In the case of humor genres at least, recognizing the structure informs the audience/reader that they are supposed to look for the incongruities of humor. If you miss those structural signals – And structural signals are missed. People took “A Modest Proposal” by Swift seriously; people take my facetious remarks seriously; I have missed the irony in a letter from Emily Dickinson to the then-Poet Laureate, who had been a misogynistic ass to her. When that happens, the intended/correct* meaning is completely lost. Can the same happen in other genres? How often is a novel mistaken for something else? More importantly, what happens if a novel is mistaken for an epic?

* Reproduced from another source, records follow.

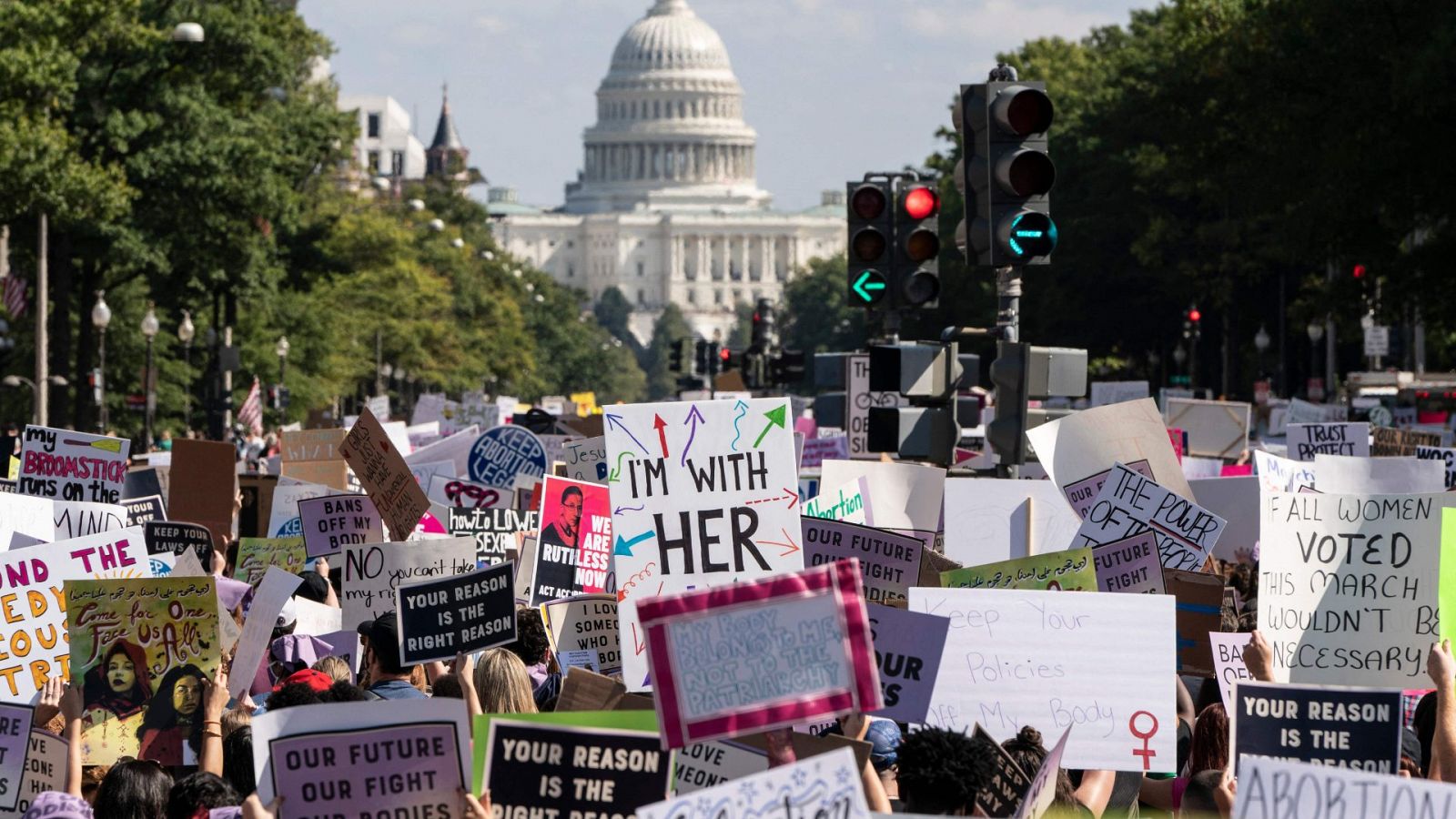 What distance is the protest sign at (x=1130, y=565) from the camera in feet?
30.7

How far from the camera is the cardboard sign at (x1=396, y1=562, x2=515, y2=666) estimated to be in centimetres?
841

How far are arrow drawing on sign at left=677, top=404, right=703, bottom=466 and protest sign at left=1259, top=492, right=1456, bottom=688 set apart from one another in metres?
1.81

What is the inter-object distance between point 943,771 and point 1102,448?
18.5 feet

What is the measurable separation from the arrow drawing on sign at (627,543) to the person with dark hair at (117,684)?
5.02ft

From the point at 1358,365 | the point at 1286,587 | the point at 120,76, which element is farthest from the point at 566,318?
the point at 1286,587

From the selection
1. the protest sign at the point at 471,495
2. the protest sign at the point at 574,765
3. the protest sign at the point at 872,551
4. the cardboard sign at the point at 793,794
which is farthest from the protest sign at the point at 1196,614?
the protest sign at the point at 471,495

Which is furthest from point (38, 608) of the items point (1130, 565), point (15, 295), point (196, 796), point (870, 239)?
point (15, 295)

But never mind that! The structure of a piece tells the reader how to view the particular mobilizations of whatever tactics are used, be they sentimental or humorous or whatnot. One takes humor in Uncle Tom’s Cabin differently from the way one takes humor in Miles Gloriosus …
And now I’m going to read some more genre theory, and see what happens.
TBC …
*Loaded terms, I know, but I can’t think of how else to put it. You can’t interpret a humorous piece of writing with any hope of a … satisfactory interpretation if you don’t know it’s humorous.
(If I’m working up some literary theory using “De Profundis”, The Scarlet Letter, Uncle Tom’s Cabin, Lysistrata, Miles Gloriosus, The Aeneid, and The Iliad … am I working within the discipline of Comparative Literature? I mean, speaking of genre, because Classics, Gender and Sexuality Studies, History, and English are none of them perfect fits for me.)